In the Court’s 8–0 opinion in Zubik v. Burwell, which vacated decisions in D.C. and elsewhere on the same issue, the Court stated quite explicitly that it was expressing “no view” on the merits of the case and, “[i]n particular,’ that the opinion ’does not decide whether the petitioners’ religious free exercise was “substantially burdened” by the regulation or whether it was the “least restrictive means” to accomplish its goal. Instead, the Court’s action was taken because post-argument submissions by the parties suggested that there could possibly be an “accommodation” reached through negotiation that would resolve the case without deciding those and other issues, and vacated the prior decisions so that lower courts could try to work out such an arrangement. Although it is quite possible that a narrow Court majority will agree with Kavanaugh’s view if he is confirmed to the Supreme Court, the Court simply did not do so in Zubik, contrary to his questionnaire answer.
On another case, Jones v. United States, Kavanaugh is similarly misleading in his questionnaire response. In that case, a D.C. Circuit panel ruled that it violated the Fourth Amendment to attach a GPS device to a suspect’s vehicle and use it to track location. Kavanaugh dissented from a decision to deny full court rehearing, but suggests in his questionnaire answer that he disagreed only with the panel’s rationale. He describes his dissent as a “separate opinion suggesting” that the panel should have considered and based its decision on the specific argument that the police violated the suspect’s Fourth Amendment rights by “trespassing on his property” to install the GPS device, and claims that the Supreme Court later “agreed with the position espoused in my separate opinion.”
Kavanaugh’s description in his answer is misleading.
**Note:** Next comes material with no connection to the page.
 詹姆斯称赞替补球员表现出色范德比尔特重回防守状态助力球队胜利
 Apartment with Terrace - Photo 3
In his “separate opinion,” which was specifically characterized as a dissent, he stated explicitly that he agreed with an additional dissent that argued that the panel’s decision was wrong because it was “inconsistent” with prior precedent. Kavanaugh went on to suggest that another reason that the Court should grant rehearing was to consider the property-based Fourth Amendment argument. But it was not Kavanaugh’s “position” that this argument was correct; to the contrary, he stated specifically in his dissent that he didn’t “yet know” if he agreed with it.
It is correct that a property-based view of the Fourth Amendment was an important basis of the unanimous Supreme Court decision affirming the DC Circuit panel opinion that focuses on the attachment of the GPS device to the vehicle. The D.C. Circuit panel opinion had pointed out that the GPS device was “installed” on the suspect’s car “without a valid warrant.” But the other Fourth Amendment theory relied on primarily by the D.C. Circuit panel — that the GPS installation and use violated the suspect’s reasonable expectation of privacy — was also relied upon by the Supreme Court. In fact, four justices made clear that only that rationale was correctly applied; even the justices who used the property-based rationale explained that the “reasonable expectation of privacy” analysis also supported the decision.
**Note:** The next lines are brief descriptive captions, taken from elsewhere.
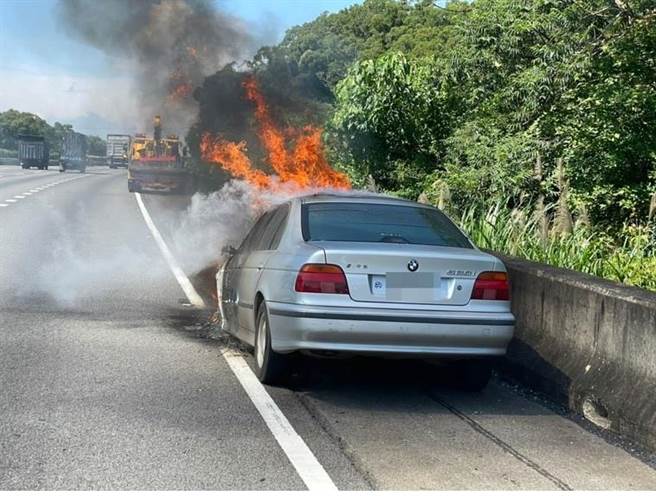 黃姓老翁的車輛起火燃燒。（翻攝照片／李京昇苗栗傳真）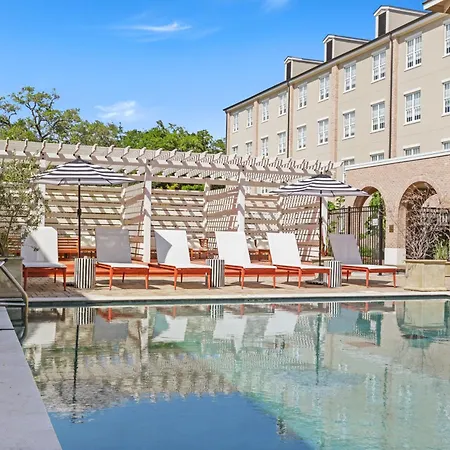 Aparthotel Bywater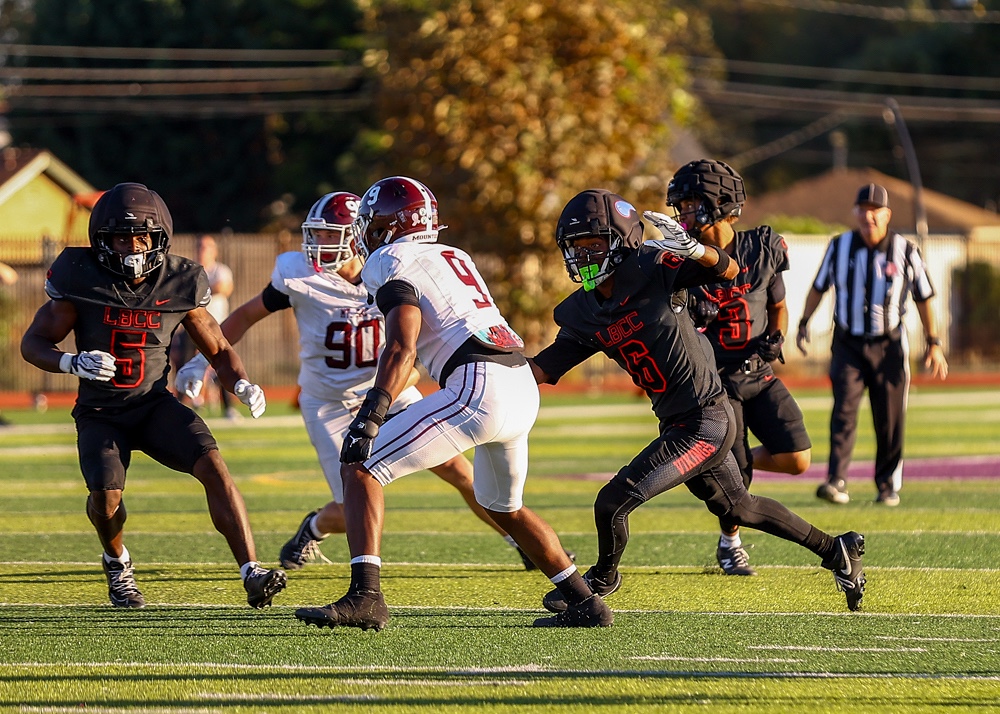 2026 10 24 562 JUCOFB LBCCvsMtSac 047.jpg compressed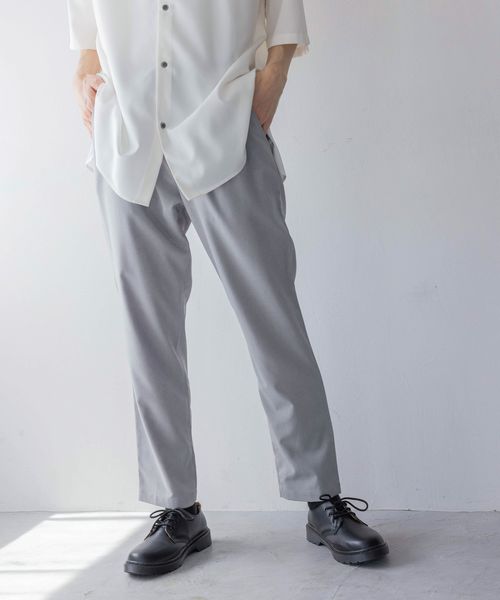 LOWRYS FARM 【MEN】ファンマートロテーパードパンツ ライトグレー M メンズ ローリーズファーム 106627 and ST アンドエスティ(旧ドットエスティ) LOWRYS FARM 【MEN】ファンマートロテーパードパンツ ライトグレー M メンズ ローリーズファーム 106627 and ST アンドエスティ(旧ドットエスティ)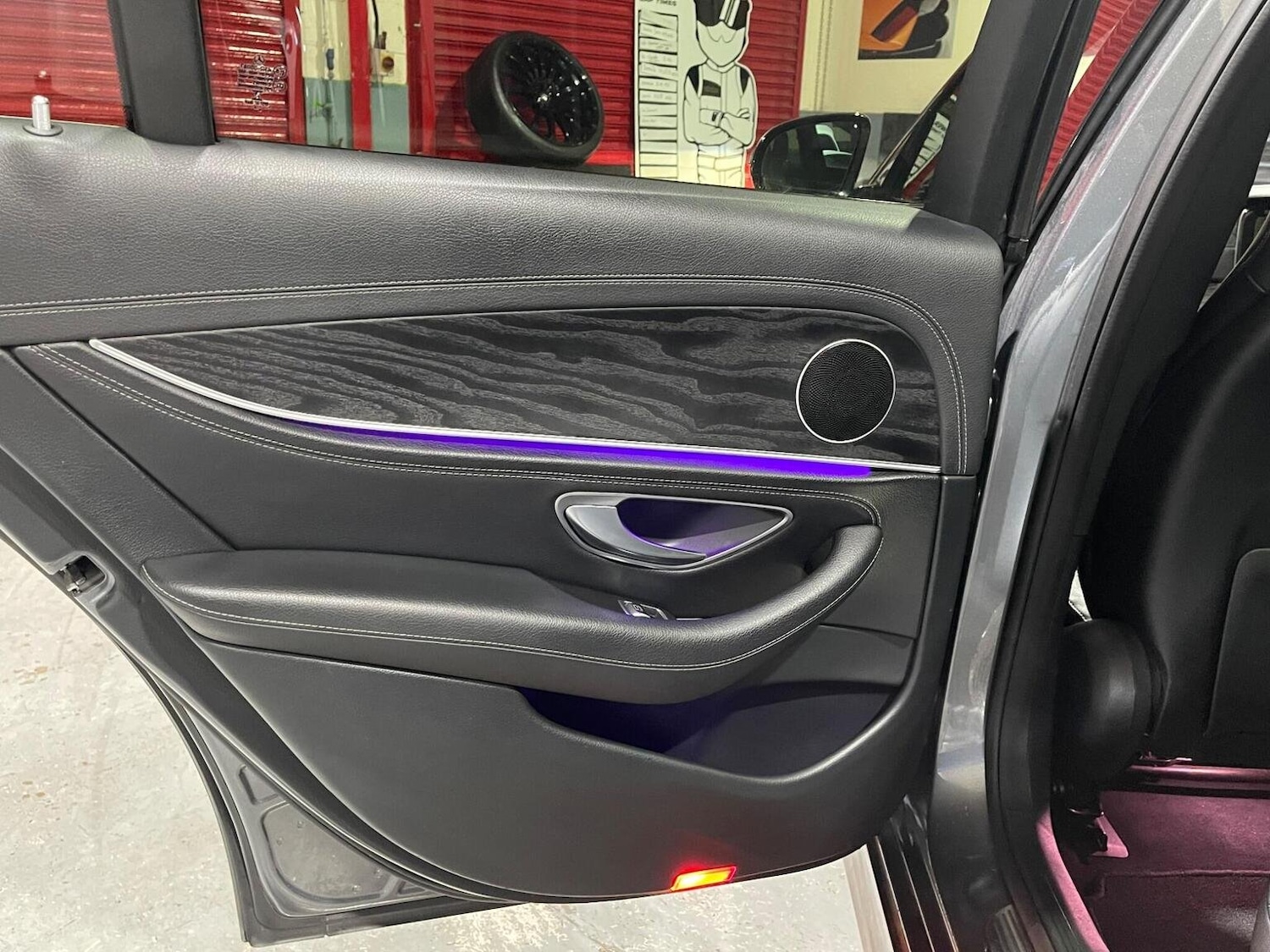 Used Mercedes-Benz E Class 2016 for sale - 76935259: Photo 34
In sum, Kavanaugh’s claims that by upholding the D.C. Circuit opinion from which he dissented, the Court agreed with his position is clearly misleading and inaccurate for two reasons. He did not, in fact, advocate the position that the GPS use was improper based on a property-related rationale, and agreed with a dissent that claimed the panel decision was wrong. And the Supreme Court did not reject the D.C. Circuit’s analysis and substitute another rationale that Kavanaugh actually agreed with.
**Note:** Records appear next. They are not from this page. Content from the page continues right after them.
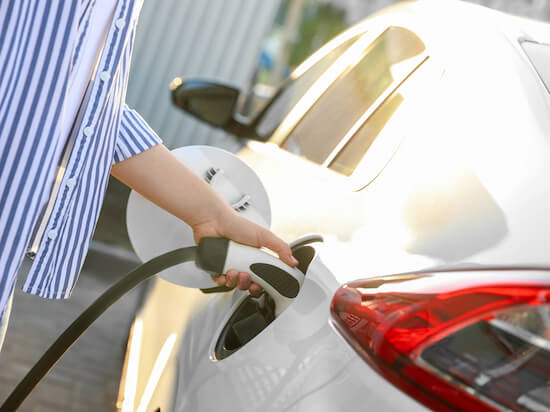 Arizona Contemplates $135 Annual Registration Fee for Electric Vehicle Drivers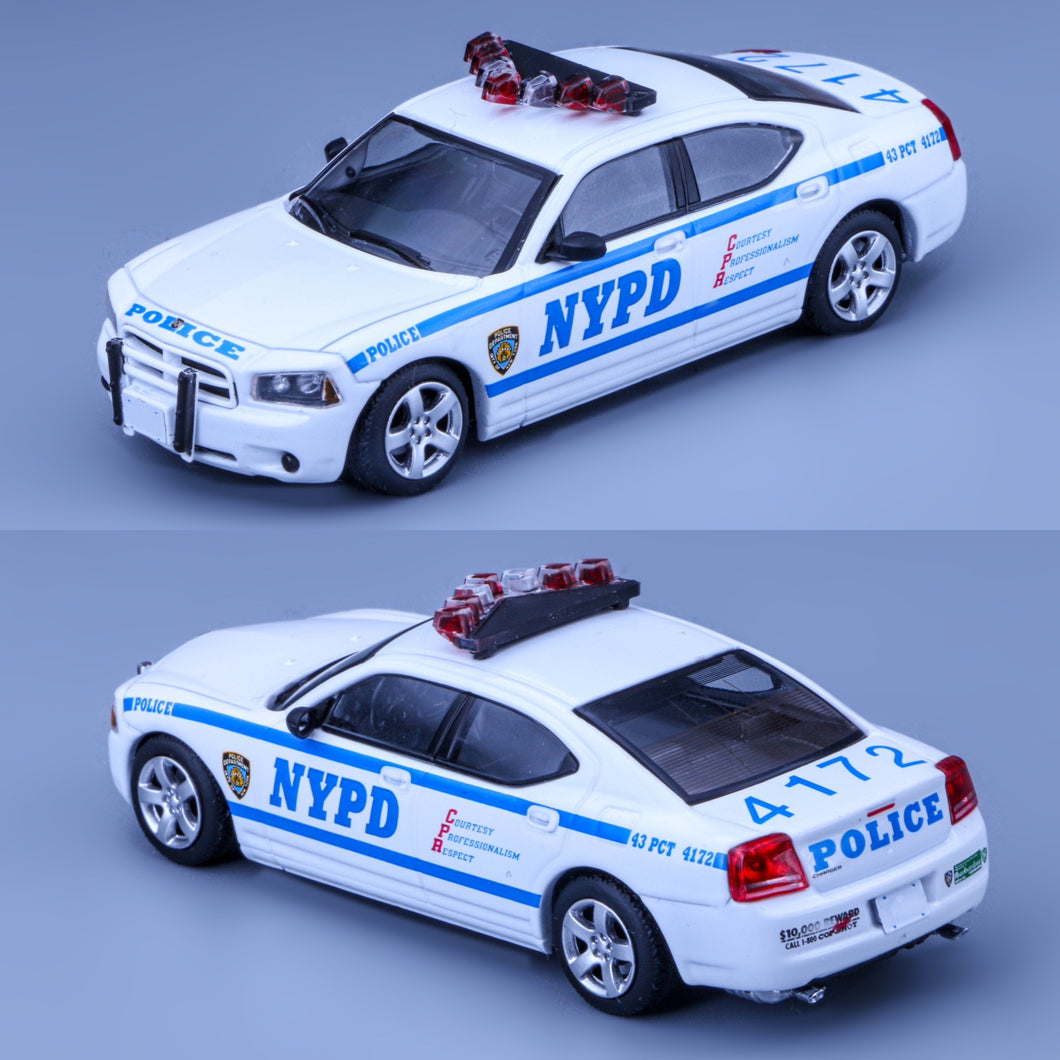 [Pre-Order] Rollin 1/64 2005 Dodge Charger - New York City Police Department (NYPD)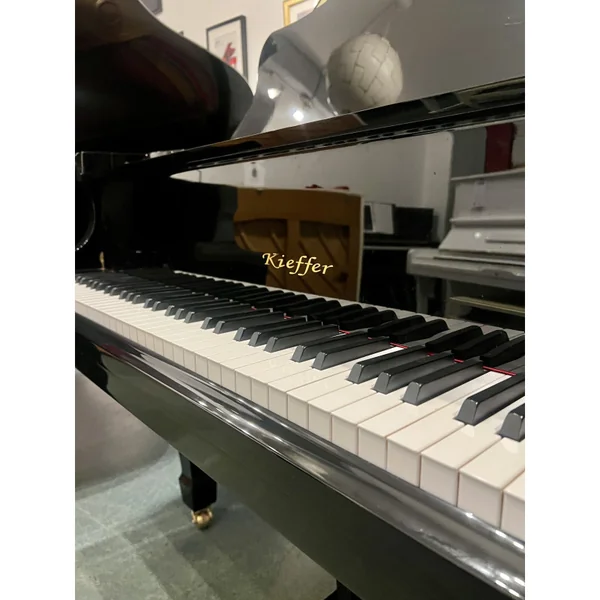 KIEFFER 166 Piano à queue Noir Brillant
Whatever Kavanaugh’s intent in his questionnaire answers, they demonstrate a clear misreading of Supreme Court decisions and his own opinion, mislead the Senate Judiciary Committee, and fail to answer broader concerns about his extreme record of dissents on the D.C. Circuit, where he dissented more often than any other active judge and disagreed with even his conservative Republican colleagues. No matter their political leanings, Americans deserve a Supreme Court justice whose answers demonstrate a cogent understanding of Court decisions and whose responses illuminate, not obfuscate, their record.